The results of our test are consistent with the gBGC hypothesis; the slope of divergence versus RR is greater than the slope for DNM density versus RR for all W->S mutations and less for all S->W mutations (Figure 5); these differences are significant for most of the comparisons at the 1MB and 100KB scales (Table 3)(significance was assessed by bootstrapping the data by MB or 100KB regions and then recalculating the slopes). There are no significant differences between the slopes for W<->W and S<->S mutations except at the 100KB scale for non-CpG S<->S. Never-the-less it is worth noting that the DNM slope is consistently greater than the divergence slope at both spatial scales suggesting that there might be some effect of recombination affecting the efficiency of selection.

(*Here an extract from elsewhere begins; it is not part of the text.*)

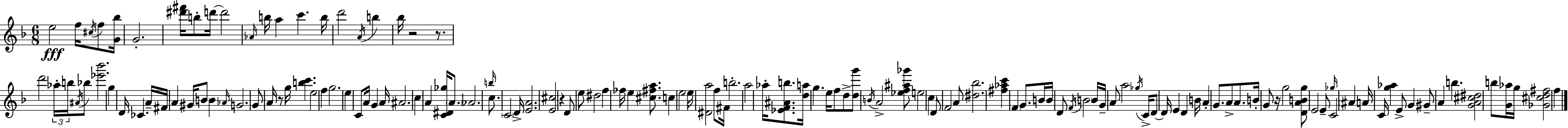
E5/h F5/s C#5/s F5/e [G4,Bb5]/s G4/h. [D#6,F#6]/s B5/e D6/s D6/h Ab4/s B5/s A5/q C6/q. B5/s D6/h A4/s B5/q Bb5/s R/h R/e. D6/h Ab5/s B5/s A#4/s Bb5/e [Eb6,Bb6]/h. G5/q D4/s CES4/q. A4/s F#4/s A4/q G#4/s B4/e B4/q Ab4/s G4/h. G4/e A4/s R/e G5/s [B5,C6]/q. E5/h F5/q G5/h. E5/q C4/e A4/s G4/q A4/s A#4/h. C5/q A4/q [C4,D#4,Gb5]/s A4/e. Ab4/h. B5/s C5/e. C4/h D4/s [E4,A4]/h. [E4,C#5]/h R/q D4/e E5/e D#5/h F5/q FES5/s E5/q [C#5,F#5,A5]/e. C5/q E5/h E5/s [D#4,A5]/h F5/e F#4/s B5/h. A5/h Ab5/s [Eb4,F4,A#4,B5]/e. [D5,A5]/s G5/q. E5/s F5/e D5/e [D5,G6]/e B4/s A4/h [Eb5,F5,A#5,Gb6]/e E5/h C5/q D4/e F4/h A4/e [D#5,Bb5]/h. [F#5,Ab5,C6]/q F4/q G4/e. B4/s B4/s D4/e F4/s B4/h B4/s G4/s A4/e A5/h Gb5/s C4/s D4/e D4/s E4/q D4/q B4/s A4/q G4/e. A4/e A4/e. B4/s G4/e R/s G5/h [D4,A4,B4,G5]/e E4/h E4/e Gb5/s C4/h A#4/q A4/s C4/s [G5,Ab5]/q E4/e G4/q G#4/e A4/q B5/q. [G4,A4,C#5,D#5]/h B5/e [G4,Ab5]/s G5/s [Gb4,C#5,D5,F#5]/h F5/q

Unfortunately, the obvious analysis, of regressing the W<->W and S<->S substitution rate against DNM density and recombination rate is inconclusive; rather than observe a negative correlation as we might expect under the efficiency of selection model we observe that the substitution rate is significantly positively correlated to RR. However, this might be simply due to RR and DNM density being positively correlated but DNM density being an error prone measure of the mutation rate (i.e. within the multiple regression we cannot hold the mutation rate constant).
Other species
Divergence between species, usually humans and macaques, is often used to control for mutation rate variation in various analyses. But how does the correlation between divergence and the DNM rate in humans change as the species being compared get further apart? To investigate this, we compiled data from a variety of primate species – human/chimpanzee/orang-utan (HCO) considering the divergence along the human and chimp lineages, human/orang-utan/macaque (HOM) considering the divergence along the human and orang-utan lineages, and human/macaque/marmoset (HMM) considering the divergence along the human and macaque lineages. This yields two series of divergences of increasing evolutionary divergence: the human lineage from HCO, HOM and HMM, and chimp from HCO, orang-utan from HOM and macaque from HMM. All divergences were normalised by dividing by their mean. For both series we see a clear tendency for the slope of the regression between divergence and DNM rate to decrease as a function of evolutionary divergence at both the 100kb and 1MB scales (Figure 6 for the human lineage, Figure S2 for the chimpanzee, orang-utan ad marmoset lineages). If we calculate the correlation coefficient between the slope and the evolutionary stratum, assigning 1, 2 and 3 to the strata (e.g. 1 for chimp, 2 for orangutan and 3 for macaque), we find that the correlations are negative for all mutational types, for both sets of evolutionary divergence and scales (binomial test of positive versus negative for both 100kb and 1MB using both the human and other lineage p < 0.01) (Figure 6).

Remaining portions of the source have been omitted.